Rezension

Verlangt einiges an Geduld ab...

Die Spur ins Schattenland - Jonathan Stroud

Die Spur ins Schattenland
von Jonathan Stroud

Bewertet mit 2 Sternen

Fantastische Traumwelt - bedrohlicher Alltag: ein meisterhaftes Spiel mit Fantasie und Realität

Alle glauben, Max wäre ertrunken. Nur Charlie glaubt das nicht. Sie war doch dabei am Mühlsee, als Max ins Wasser sprang! Sie weiß doch genau, was dort passiert ist!
In ihren Träumen kann Charlie Max sehen. Max ist nicht tot, er ist noch da. Charlie muss nur seinen Spuren folgen, um ihn nach Hause zu holen. Und Charlie folgt ihnen - selbst über die Grenzen dieser Welt hinaus...

"Die Spur ins Schattenland" ist ein psychologisches Verwirrspiel, bei dem Stroud stets offen lässt, ob nun Charlies Version der Ereignisse - das Schattenland, die seltsamen Frauen, die Max im Wasser nach unten zogen - der Wirklichkeit entspricht, oder ob sie einfach traumatisiert ist und sich alles nur einbildet. Diese Ungewissheit hält bis zum sehr offen gehaltenen Ende an.
Abwechselnd lässt Stroud Charlie und ihren großen Bruder James zu Wort kommen. Irritierend ist hier, dass die Lesung allein von Gerd Köster bestritten wird, obwohl die Hauptfigur ein Mädchen ist. Eine weibliche Stimme wäre hier weitaus passender gewesen. Da Charlie und James beide aus der Ich-Perspektive berichten, braucht man als Hörer manchmal einige Sekunden, um zu begreifen, wer gerade spricht.

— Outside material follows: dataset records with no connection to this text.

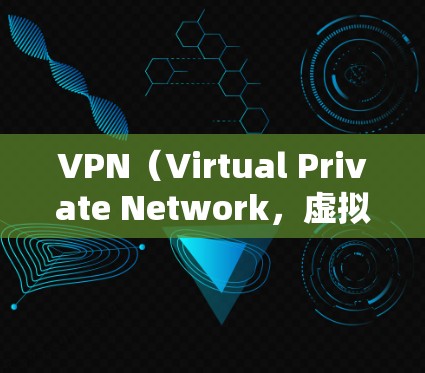 VPN（Virtual Private Network，虚拟专用网络）通道是一种通过公共网络（如互联网）建立加密连接的技术，用于安全地传输数据。以下是关于VPN通道的详细介绍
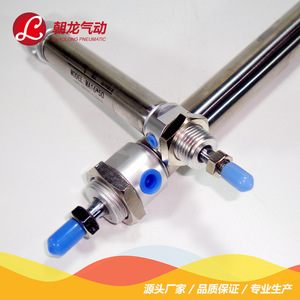 กระบอกลมสแตนเลส ZhaoLong รุ่น Ma16x50 แบบลูกสูบ สำหรับใช้งานในอุตสาหกรรม - Product Image 4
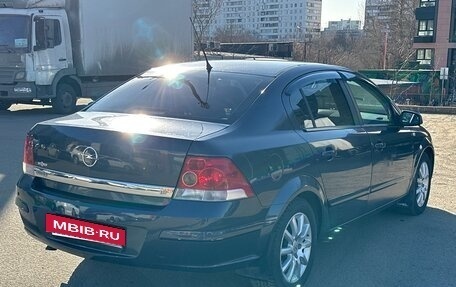 Opel Astra H, 2008 год, 700 000 рублей, 5 фотография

Das Hörbuch ist stellenweise recht langatmig. Zu Beginn fehlt es ein wenig an Action und die spätere Handlung ist ein wenig zu wirr, um wirklich als Action bezeichnet werden zu können. Gerade Charlies Erlebnisse in der Traumwelt gestalten sich unnötig langwierig, was der Geschichte einfach den Schwung nimmt.
Ebenfalls unvorteilhaft gestaltet sich auch die Beziehung zwischen Charlie und ihrem verschwundenen Freund Max. Zwar erfährt der Leser durchaus, wie viel Max Charlie bedeutet, dem Autor gelingt es aber nicht, auch uns Max näher zu bringen. Aufgrund dieses fehlenden Bezugs fällt es zeitweise schwer, Charlies Besessenheit richtig nachempfinden zu können. Max bleibt das gesamte Buch hindurch eher eine distanzierte Persönlichkeit.

In diesem Fall war ich wirklich froh, dass es sich um eine gekürzte Lesung handelt, fand sie mit 265 Minuten auf vier CDs immer noch verhältnismäßig lang.
Gerd Köster unterstreicht diesen Eindruck durch seine sehr ruhige, bedächtige Lesung auch noch. Zwar liest er prinzipiell gut und mit Gefühl, aber auch nicht aufsehenerregend oder besonders akzentuiert. Ab der dritten CD schleicht sich dann auch eine gewisse Ungeduld beim Hörer ein, denn es geht kaum vorwärts, man möchte endlich wissen, woran man nun ist! Das offene Ende mag zwar anspruchsvoll sein und zum Denken einladen, ist aber auch recht unbefriedigend.

Eine sehr ruhige und bedächtig erzählte Geschichte zu einem ernsten Thema, ein Grenzgang zwischen Traum und Realität. Fans der Bartimäus-Trilogie von Jonathan Stroud sollten hier keine Fantasyerzählung erwarten.
Für ältere Kinder ab elf Jahren und für Jugendliche, die sich auch für die Themen Tod und Trauer interessieren, sicher interessant - aber dennoch verlangt das schön aufgemachte Hörbuch einiges an Geduld ab.